Paula Schulz. Tarantino fans will recognize the name. Who is she…or rather who isn’t she? Paula Schulz is the name of the grave in which Uma Thurman, aka “The Bride” in Tarantino’s Kill Bill 2, was to have died after being buried alive in a cemetery (supposedly outside Barstow, California). That was the plan, but the entomber (played by one of my all-time favorite character actors and QT regular Michael Madsen) underestimated her martial arts training. To see how she escapes from a wooden coffin six feet under, you’ll have to watch the movie. Not for the faint-hearted.
Cemeteries and movies are a natural pairing. Where would any of these been without their cemetery scenes? The Godfather, The Royal Tenenbaums, The Good, the Bad and the Ugly (final 3-way gunfight!), Easy Rider, Rocky, Midnight in the Garden of Good and Evil, Saving Private Ryan, countless horror/slasher/vampire flicks, and—of course—Pet Sematary.
Cemeteries to me are what art galleries, bars and bird-watching trails are to others. I’m drawn to them, have been since I can remember. I’ve spent hours in cemeteries in every continent, save Antartica (not known for its graveyards). Christian, Moslem, Jewish, Buddhist, Hindu. Large, small. Horizontal and vertical (as in, cliff faces). Kempt and unkempt. (Louisa and I had a favorite outside Pescadero that we would visit on our cycle excursions from Palo Alto—it was as wild and wooly as they came, until someone decided the dear departed deserved tidiness, and cut down every last scrap of vegetation.) We can’t pass a graveyard without stopping, wandering through rows of stones beset by crosses and crescent moons and Stars of David. We read the names, dates, homilies. Stare at the photographs (a common feature on gravestones in many countries). I to imagine myself dead, wanting to give some urgency and tang to my life.
Walking into a cemetery, the thought usually comes, “There are just so many dead people!” Have you heard the one about there being more people now alive than have ever died? Don’t believe it. The Population Reference Bureau, which keeps tabs on present-day populations and does its best to estimate past populations, reckons that about 107 billion people have ever lived. Meaning that there are (were?) about 15 dead people for everyone now living.

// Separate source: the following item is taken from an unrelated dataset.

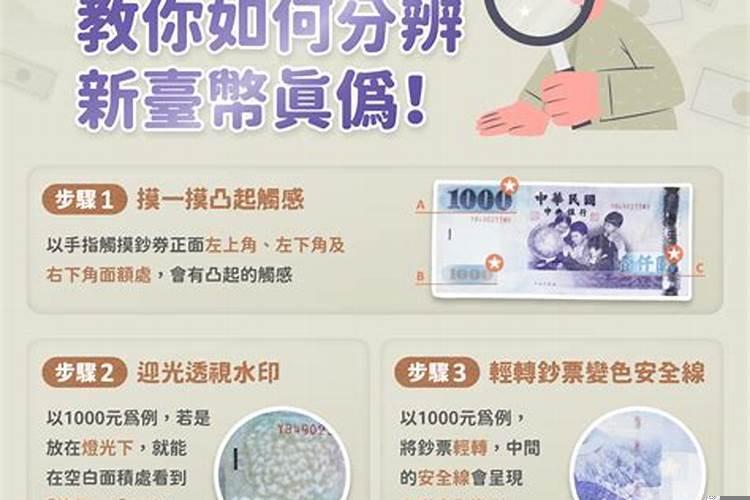 如何鉴别生活中的真小人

I’ll include some photos here, including: For poignancy, the cemetery in Vietnam close to the 17th parallel, the dividing line between the old North and South Vietnam, where the victims of this country’s futile attempts to cut off the Ho Chi Minh Trail are memorialized by over ten thousand stones laid out in five huge petals, as a flower. For remoteness, check the monks’ tiny graveyard on Skellig Michael, the rocky island ten miles off the coast of Ireland which recently did duty as Ahch-To (whence Luke Skywalker had holed up in the most recent pair of Star Wars movies). For endurance, here are 2500-year-old stone sarcophagi along the “Lycian Way” in southwest Turkey. For economy, the Jewish cemetery in Prague, where bodies have been lain one on top of one another for centuries due to space limitations, and even then the stones are practically touching. And for sheer exuberance, Mexican cemeteries, some with little houses (complete with electric light), others with birthday balloons, ribbons and fresh cut flowers testifying to the belief that the dead are still around, to be honored and celebrated even more than when they lived. Especially, of course, on Day of the Dead.
I’ll never end up in a cemetery—I’m signed up with Gunther von Hagens’ Institute of Plastination; if all goes well, my flensed and artificially colored body (or some parts thereof) will help inform future medical students. Until then, the cemeteries of the world are on my bucket list, the places where, ironically, I feel most alive.